# Free Accounting Software



## baby141

Does anyone know where I can get or download a free accounting software. I want to do my own bookkeeping. It is not worth my paying a bookkeeper at this time.


----------



## plen

This is an old thread but I thought it'd worth mentioning that GnuCash is a nice little cross platform bookkeeping/accounting package. I use it on both my Linux desktop and my Vista laptop. If you have both Mac and Windows it could also prove helpful.

It doesn't have all the bells and whistles of Money or Quicken but it does the job.


----------



## atrp2biz

Quickbooks also has a free version, but there are definite limitations.

I am a Quickbooks fan.

http://quickbooks.intuit.ca/accounting-software/quickbooks-easystart-free.jsp


----------



## wheel

Gnucash and quasar are both open source. I've looked at both and will likely be moving to one of them for my business in the future. Not because they're free, but because they run on linux .


----------



## canats123

QuickBooks provide several versions to do the bookkeeping, You can get the best software there.


----------



## 44545

Microsoft Money.

You can download, for free, Microsoft's Money Plus Sunset Deluxe Edition, here:

http://www.microsoft.com/download/en/details.aspx?id=20738

I bought Quicken 2012 last week, wasted a weekend setting it up, and realized it had fatal flaws.

The biggest Quicken flaw: when calculating cash flow, Quicken doesn't take into account budget items. (read that again - I'm not kidding)

Money, on the other hand, will calculate account balances based on not only "scheduled bills" (like Quicken) but also based on your budgeted amounts.

The difference to my accounts, based on that difference between Quicken and Money, is nearly 33%. 

Back to MS Money.


----------



## A320

^ just downloaded MS Money and am trying it out but am finding it keeps failing when inputting my windows live ID I created to sync my info with my live account online. When you say quickbooks doesn't take into account "budget items" can you elaborate on what you mean is missing here? Quickbooks 2012 is on sale half off right now but I'm a bit hesitant as I do get the feeling that they practice obsolescence.

Thanks


----------



## 44545

A320 said:


> ^ just downloaded MS Money and am trying it out but am finding it keeps failing when inputting my windows live ID I created to sync my info with my live account online. When you say quickbooks doesn't take into account "budget items" can you elaborate on what you mean is missing here? Quickbooks 2012 is on sale half off right now but I'm a bit hesitant as I do get the feeling that they practice obsolescence.
> 
> Thanks


Money Sunset doesn't connect via Windows Live anymore. Set it up to use a local password only and it'll work fine.
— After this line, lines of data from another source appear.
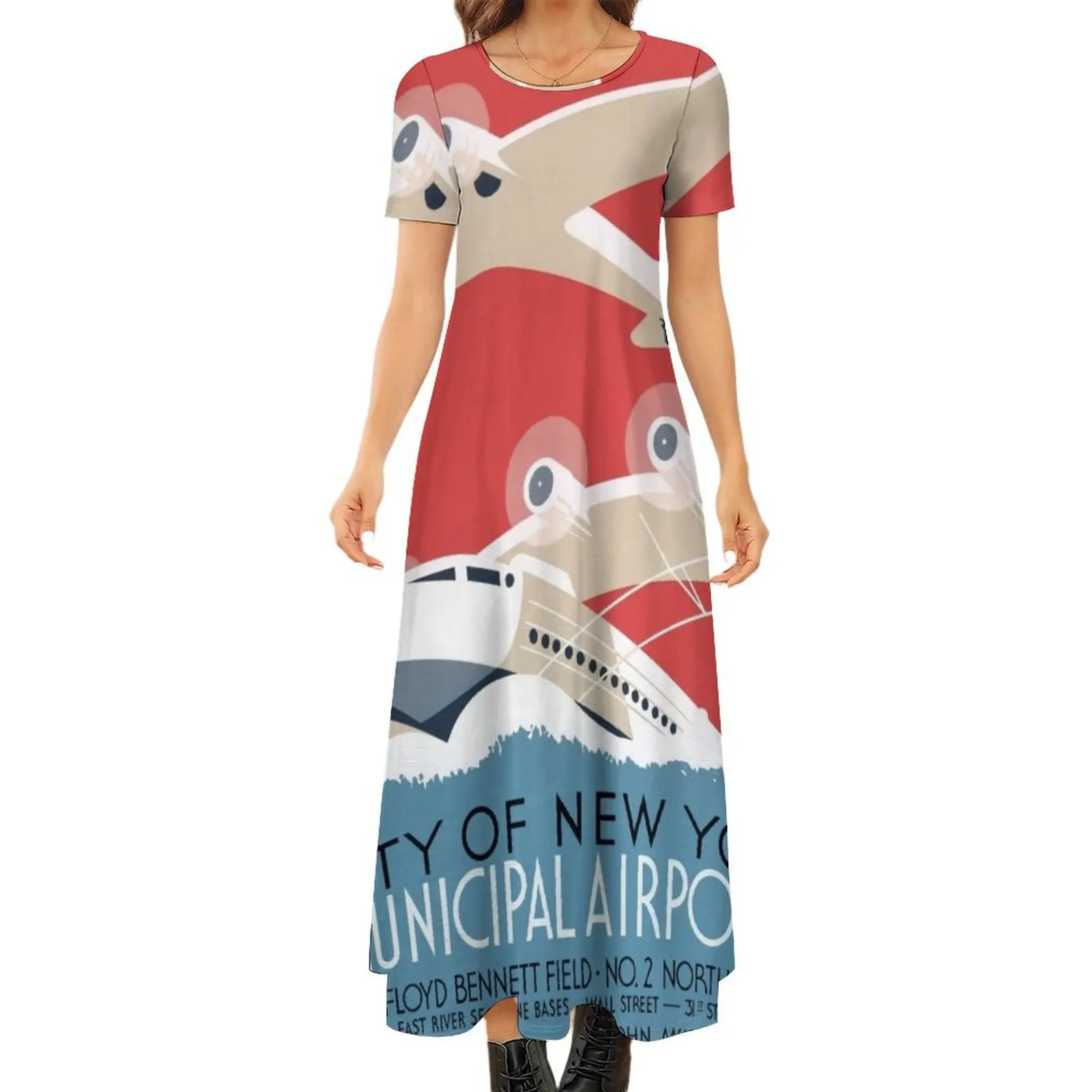 

Vintage Aviation Poster, 1930s Round Neck Short Sleeve Dress long sleeve dress Woman clothes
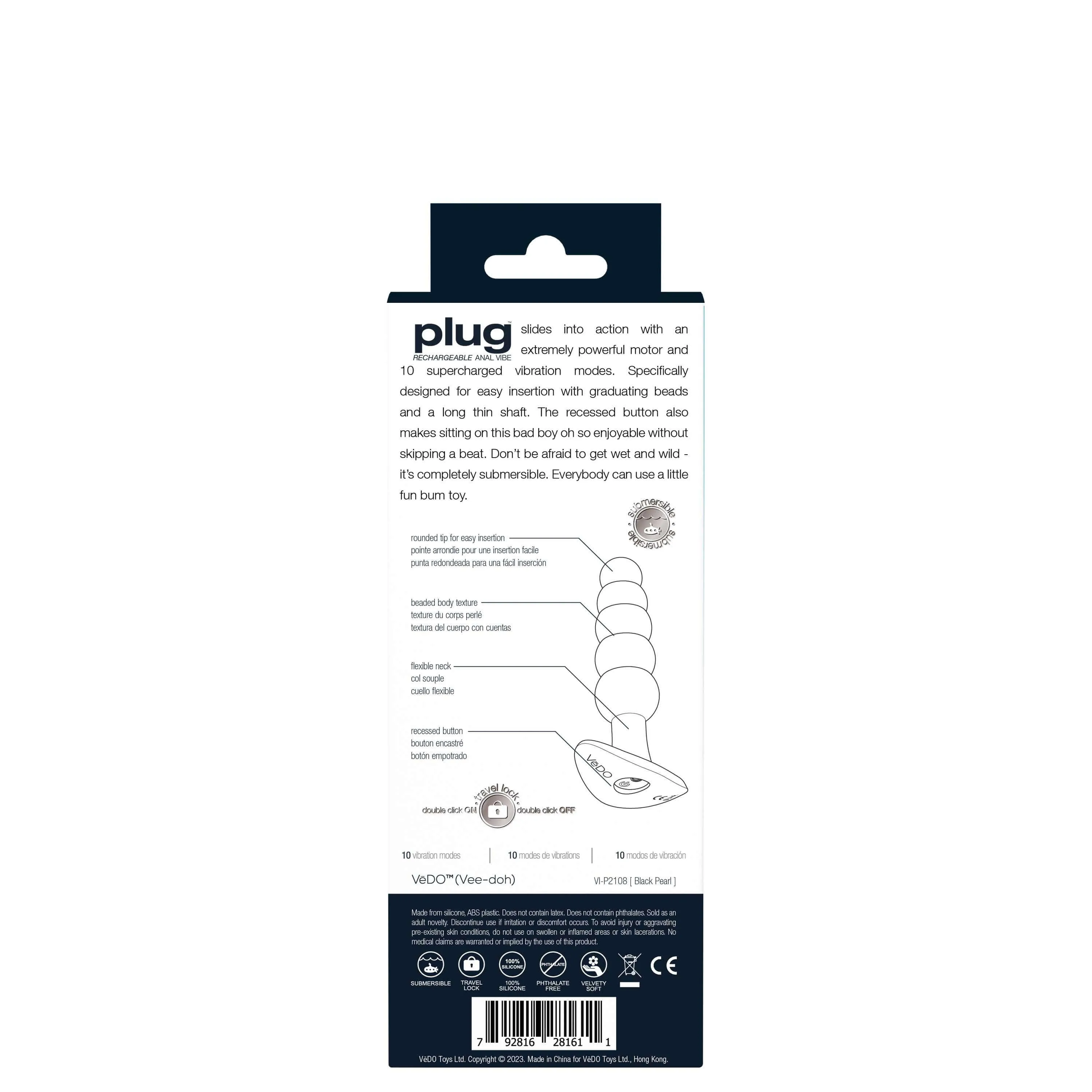 Plug Rechargeable Anal Vibe - Black Pearl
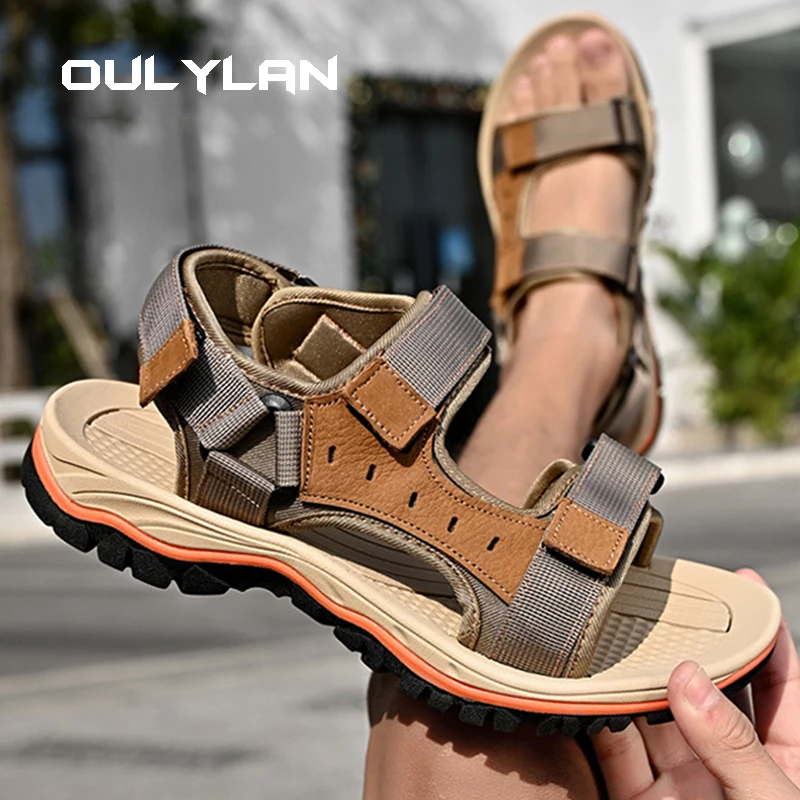 

New Fashion Summer Leisure Men Shoes Beach Sandals High Quality Genuine Leather Sandals Soft Large Size Men's Sandals Size 38-47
Quicken was what I was referring to, not Quickbooks. I'm unfamiliar with the latter. The former doesn't factor items you enter in a budget into cash flow projections. 

Example: your income is a recurring $3,000 cheque each month. OK, no problem - since it's a recurring bill, Quicken gets that.
With no expenses, at the end of the year, Quicken would estimate you would have $36,000 in the bank. 

Now, add a budgeted expense, not a recurring bill, of $400/mo for groceries. It isn't a "bill" since you don't go to the grocery store only once per month and spend exactly $400 at a time - you probably spend $150 this week, $50 next week, nothing in week three and $200 in the final week of the month.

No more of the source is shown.